**Task instructions**
Only the words of the entries are wanted, repeated exactly and without images.

**Given information**
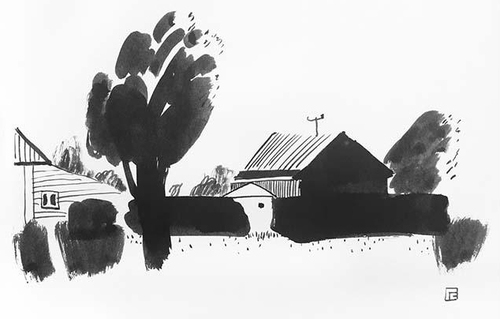 Пейзаж с чёрным забором и белым домиком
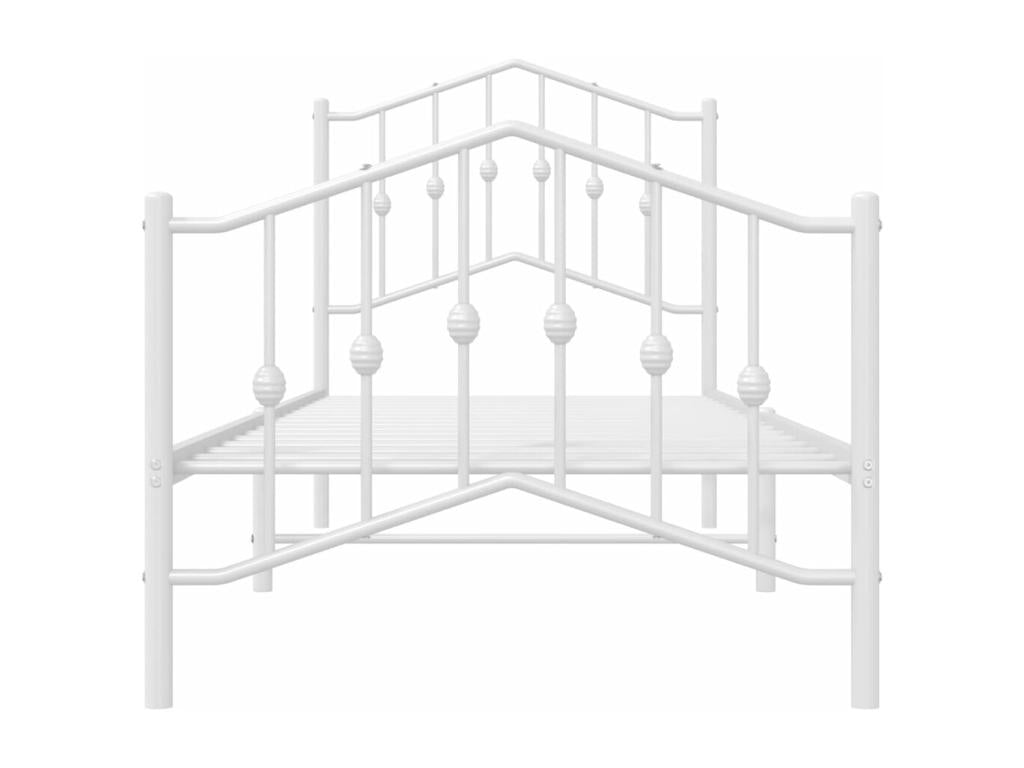 Cadre de lit métal avec tête de lit/pied de lit blanc 80x200 cm DMSA53056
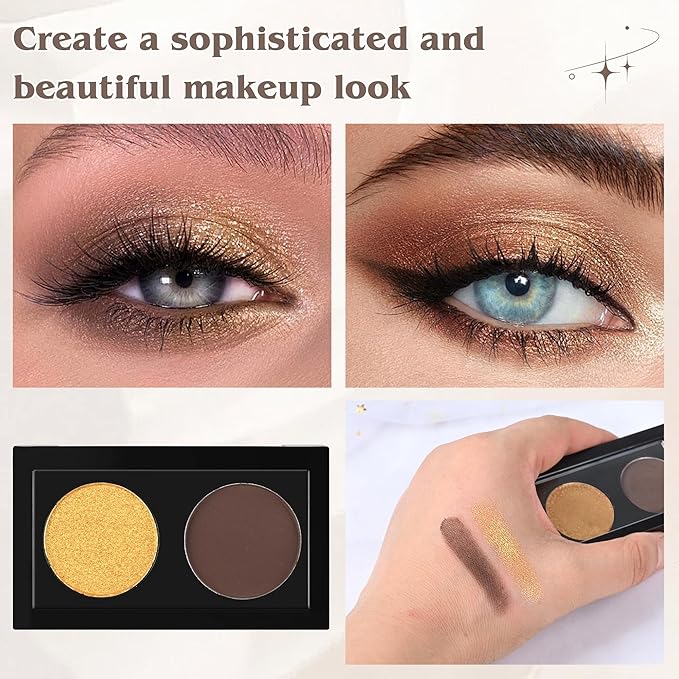 Duo Eye Shadow Powder，Gold Shimmer Brown Matte Eyeshadow Makeup Palette，Neutral Shades Eyeshadow Palette for Woman Daily Eyes Looks，Highly Pigmented，Smooth, Blendable，sombras de ojos, Cruelty-Free 08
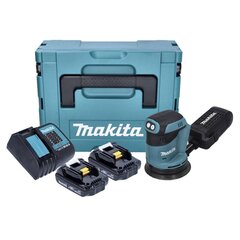 Аккумуляторная эксцентриковая шлифмашинка Makita DBO 180 SYJ 18 В 125 мм + 2х аккумулятора 1,5 Ач + зарядное устройство + Makpac цена и информация | Шлифовальные машины | pigu.lt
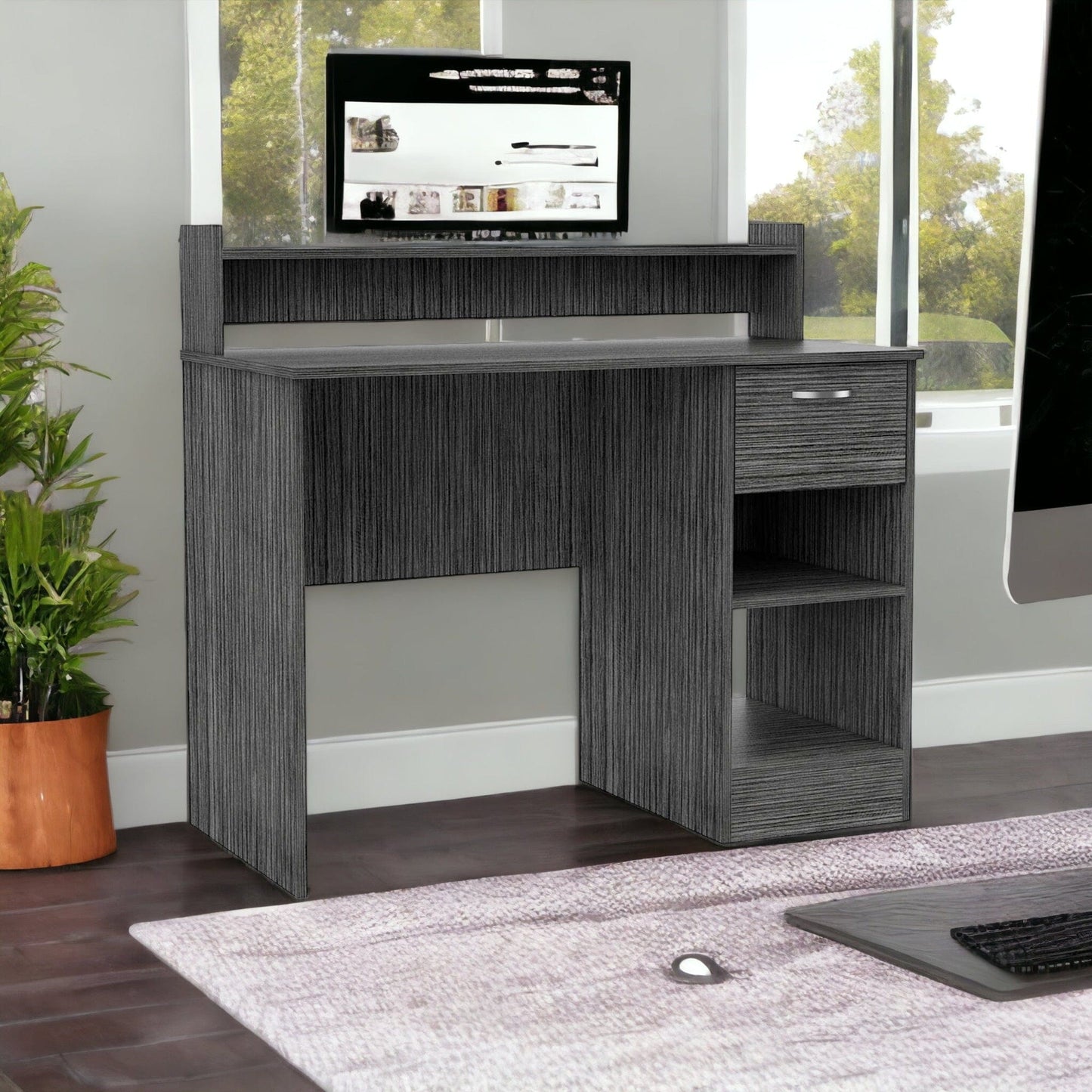 40" Brown Computer Desk - Homeroots - Flyclothing LLC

**Output of the task**
 Пейзаж с чёрным забором и белым домиком
 Cadre de lit métal avec tête de lit/pied de lit blanc 80x200 cm DMSA53056
 Duo Eye Shadow Powder，Gold Shimmer Brown Matte Eyeshadow Makeup Palette，Neutral Shades Eyeshadow Palette for Woman Daily Eyes Looks，Highly Pigmented，Smooth, Blendable，sombras de ojos, Cruelty-Free 08
 Аккумуляторная эксцентриковая шлифмашинка Makita DBO 180 SYJ 18 В 125 мм + 2х аккумулятора 1,5 Ач + зарядное устройство + Makpac цена и информация | Шлифовальные машины | pigu.lt
 40" Brown Computer Desk - Homeroots - Flyclothing LLC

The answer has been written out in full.